And I mean, the best thing to come out
of it is you scratched your own itch.
You, you're doing something for yourself
that you thought it would be useful.
And now you can potentially
be useful for other people.
Um, I.
And that's contrary to what you'll hear.
A lot of folks say is you
should do the market research.
You should talk to your
potential customers.
Is that don't build anything
until you've talked to 100
people that might pay you money.
And here you are.
You build something is useful for you.
And I think there's a lot of
value in that, even if it doesn't.
Ever make you any money in the future.
And I'm sure you've learned,
learned a ton of skills as well.
Along the
Jamie Maguire: hey, and
that's the other thing, right?
Like, yeah, it may get
monetized at one point.
Um, that wasn't the sole motivator, but
what came out the other end of that whole
process, Was a massive bunch of learnings
and people, people who want to ship SAS
using Microsoft Azure and NET, they can
go through that seven part series and
see what it takes to go from building a
little prototype, but running JSON files.

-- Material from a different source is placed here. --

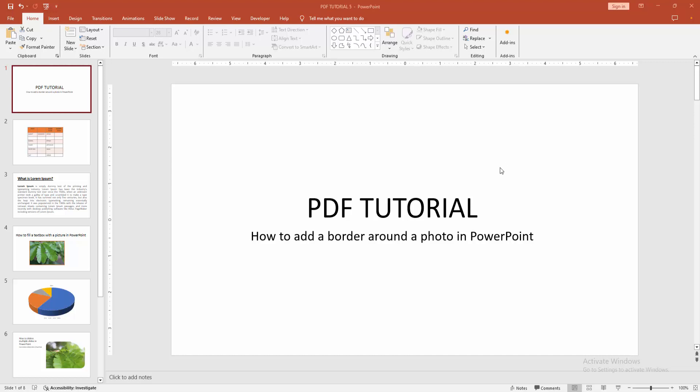Assalamualaikum, hello friends, how are you? Welcome back to another video. In this video I'm going to show you how to add a border around a photo in PowerPoint. Let's get started. First, open your PowerPoint presentation.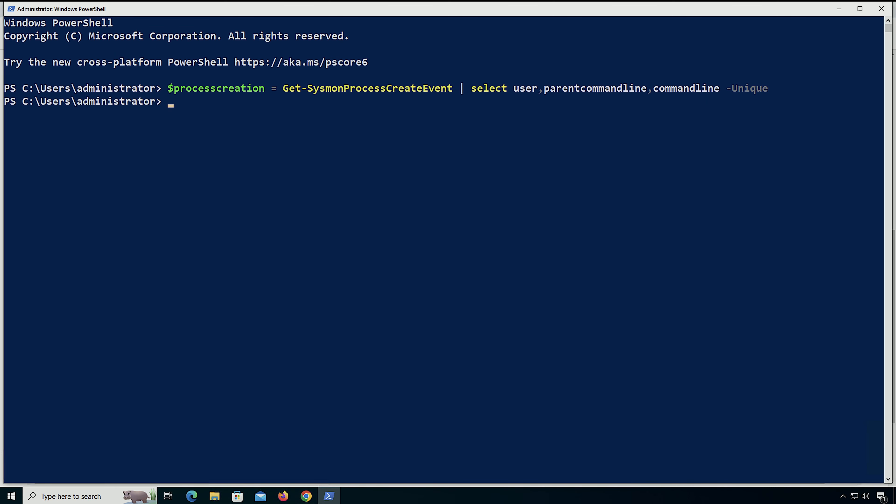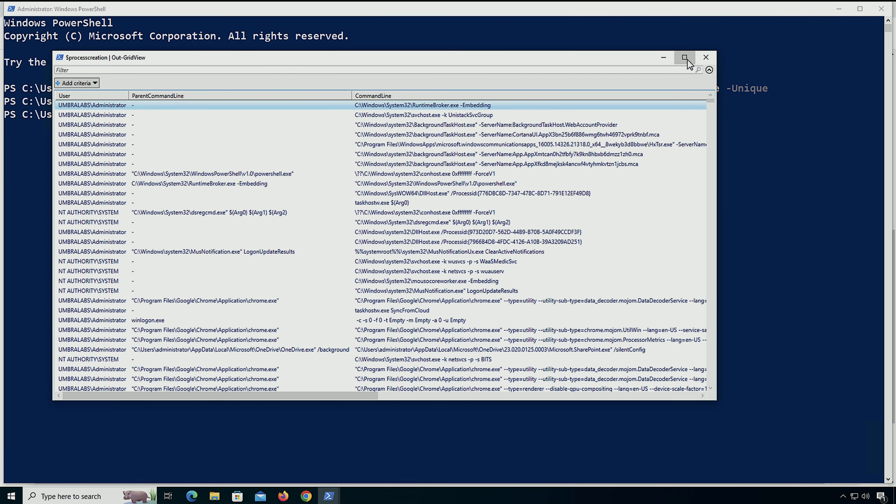When it comes to building your exclusions, I recommend using PSGumshoe to save all of the information from a known good host in your environment. You're going to grab the user, parent command line, and command line from your process data. Save all of that and do a unique — the advantage of doing the unique is that the data will be smaller; without it, in the case of PowerShell you'll have way too much data to sort through. You can go into the VM and run process creation data, then pipe it to Out-GridView to review the information in a spreadsheet-type GUI.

Right over to the other end of publishing
it into Azure, down to registering the
custom domain and integrating, integrating
identity and the playbook's there.
Right.
Ah, and this is very meta, right?
But it markets me , right?
So Right.
And to just to like tease that a
little bit more, like another prototype
actually landed me a consulting gig.
Right.
Which was a commercial arrangement.
So, you see, there's sometimes, like,
by shipping stuff out into the world,
there are many, there's like second
and third order effects that can occur.
Um, so I just thought I'd share that.
Kevin Griffin: my friend, Aaron Francis
says this all the time, that whenever
you're putting stuff out in public, you're
just increasing your luck surface area
to, because you're absolutely right.
You just put something out there, the
right set of eyes see it and they go.
I know the guy I'm just called Jamie
and Jamie can help me with this.
I already know Jamie can do it.
Cause Jamie wrote a six
part series on doing it.
Um, I, uh, I'm going to admit I've got
at least a dozen consulting engagements
myself for that same reason, just
putting something out there and.
Someone goes, Hey, I read
your article on whatever.
And, uh, we do a consulting gig with me.
Sure.
It might be one day of consulting.
I have a couple that
have gone for 10 years.
Jamie Maguire: I love it.
Kevin Griffin: just keep
coming back for more.
You never know.
Jamie Maguire: That's awesome, man.
That is awesome.
I love it.
Kevin Griffin: Uh, all right.
So daily tracker.
And then you have another
one called, uh, audio notes.
Jamie Maguire: Yeah, yeah.
So there's another one called Audio Notes.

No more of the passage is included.